2 coaxial switches will work, and you could leave power on. Given that I know 
what I am capable of and this type of system would lead to muliple failures by 
me as I failed to remember to switch things. If it was me I would just move the 
coax connectors as I swapped radios. I have done something like this in the 
past and got irritated and tossed the whole thing is favor of a wide band type 
of amp, which also has its issues of tuning and retuning

--- On Wed, 2/24/10, Lee Pennington <localjunkpedd...@gmail.com> wrote:


From: Lee Pennington <localjunkpedd...@gmail.com>
Subject: Re: [Repeater-Builder] dual band convertacom
To: Repeater-Builder@yahoogroups.com
Date: Wednesday, February 24, 2010, 9:07 AM












Not why............................ but WHY !!
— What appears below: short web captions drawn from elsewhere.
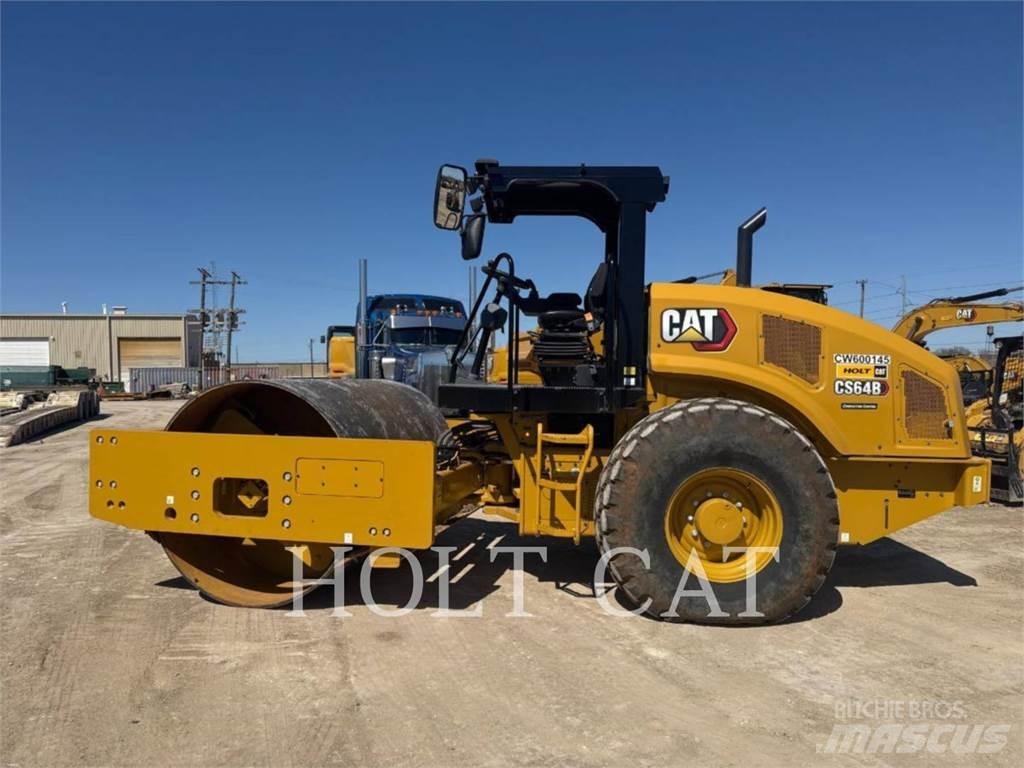 CAT CS64B Rouleaux monocylindre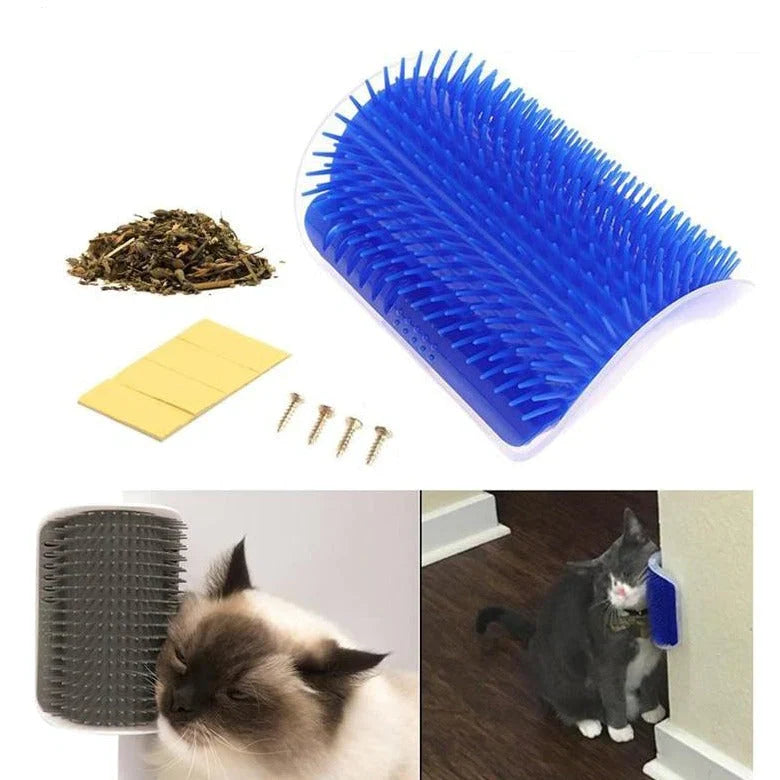 Katten Hoekborstel voor Zelfverzorging - PurrGroom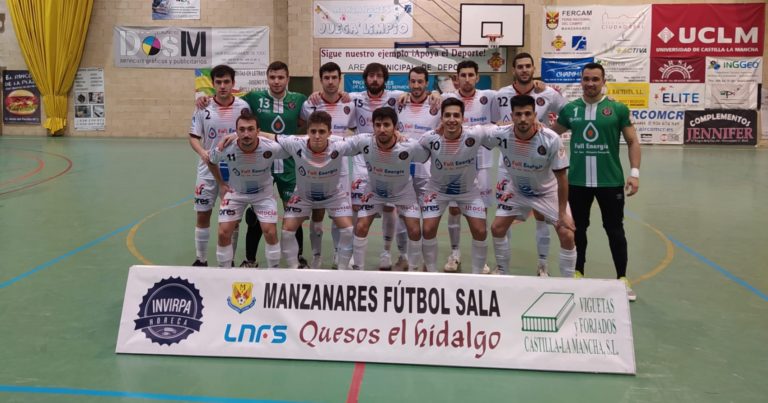 Colo Colo Zaragoza cae por la mínima ante el Manzanares Quesos El Hidalgo (3-2)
On Wed, Feb 24, 2010 at 11:56 AM, hitekgearhead <hitekgearh...@hotmail.com> 
wrote:


  



I know I am going to get the singular answer of "WHY" but I really would like 
some technical input on this.

In my car I have an old Genesis series convertacom connected to a dual band 
Comet antenna. I often will swap my VHF and UHF HT back and forth and utilize 
the dual band capability of my antenna. It works pretty well.
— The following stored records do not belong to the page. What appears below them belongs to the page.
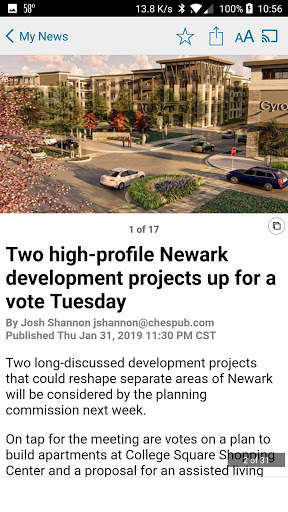 Newark Post screenshot 5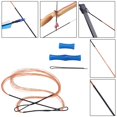 thumbnail image 4 of Corde de Remplacement Traditionnelle pour Arc de Chasse Bleu, 4 of 6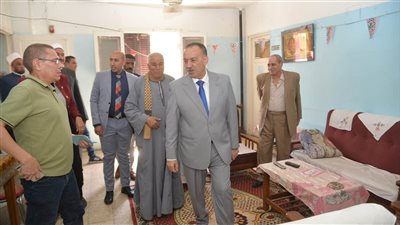 محافظ أسيوط يقرر إغلاق دار للمسنين لتردي الأوضاع الصحية والنفسية للنزلاء 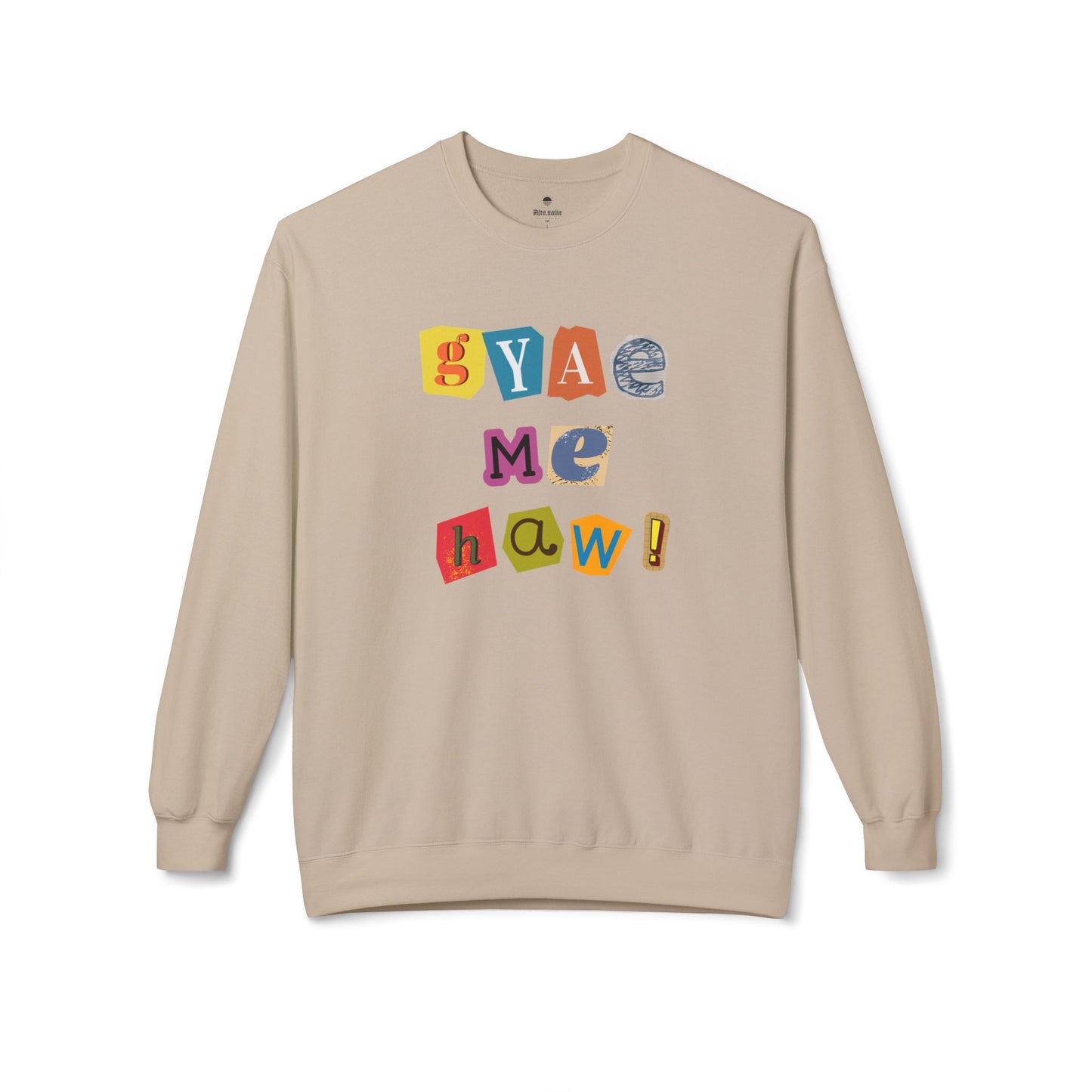 Gyae Me Haw Softstyle Fleece Crewneck Sweatshirt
What I would like to get some input on however, is how to run some power with 
this setup.

Of course the easiest would be to get a amateur dual band amplifier, but I 
already have a VHF and a UHF (N1275A and N1274A) amplifier.

What I would like to do is parallel these two amps with some kind of 
switching/duplexer setup so that I could easily switch from VHF to UHF.
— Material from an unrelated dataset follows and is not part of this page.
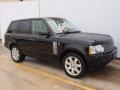 2007 Java Black Pearl Land Rover Range Rover HSE  photo #2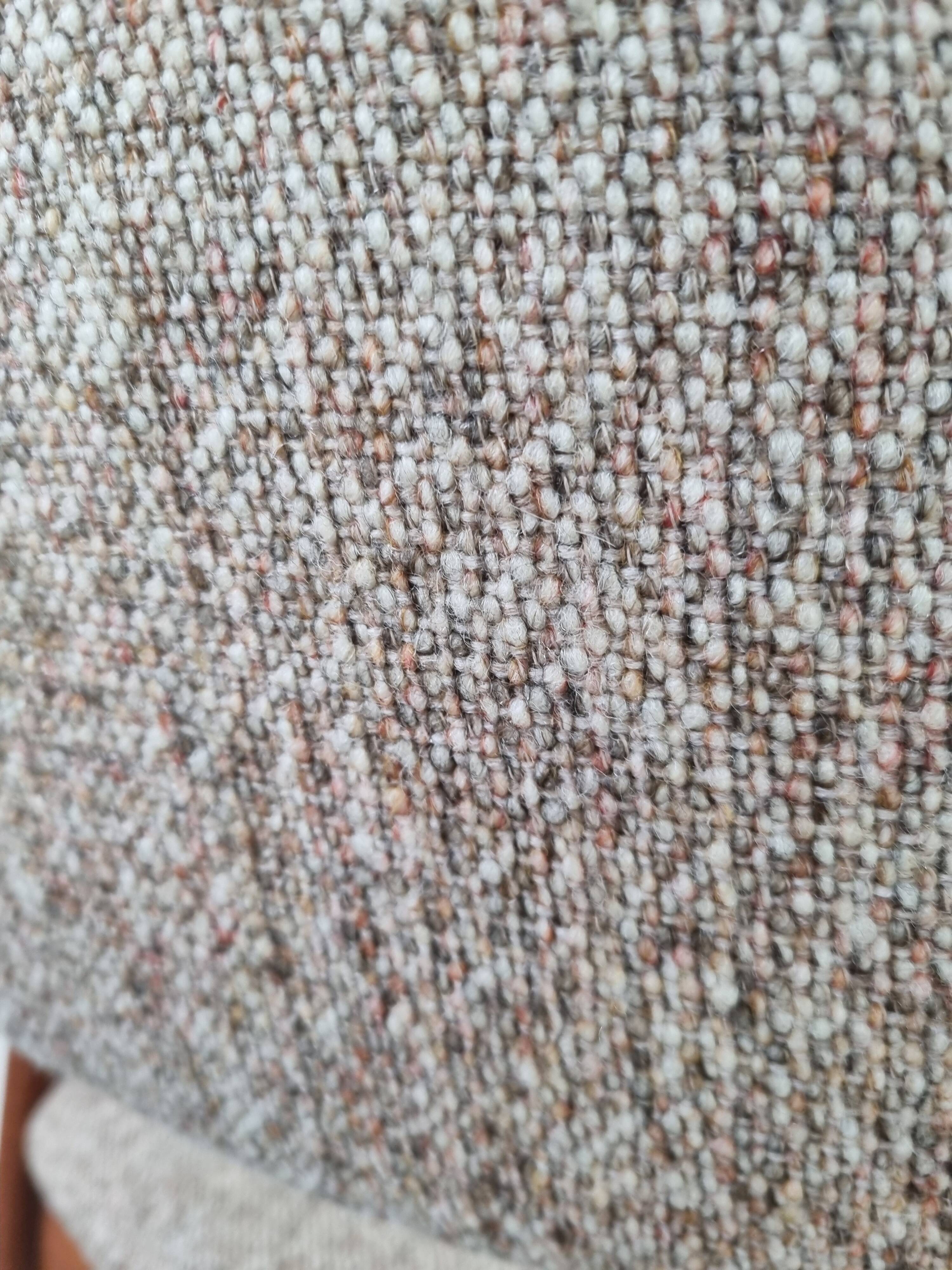 4 teak Compass chairs by Kai Kristiansen for SVA Møbler, 1960s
My initial idea was to run an antenna switch from the convertacom to the amps 
so I can manually select which one the signal goes to. Then on the output side 
of the amps I thought about using an antenna duplexer on the output of the amps 
to feed the antenna. I was also thinking of running a switch to alternately 
select which amp was receiving DC power, but I don't know if that would be 
necessary. (Could I leave both amps powered on in this situation?)

So, does this sound about right or am I going off the deep end?

Thanks
Albert





-- 
"Always drink upstream from the herd."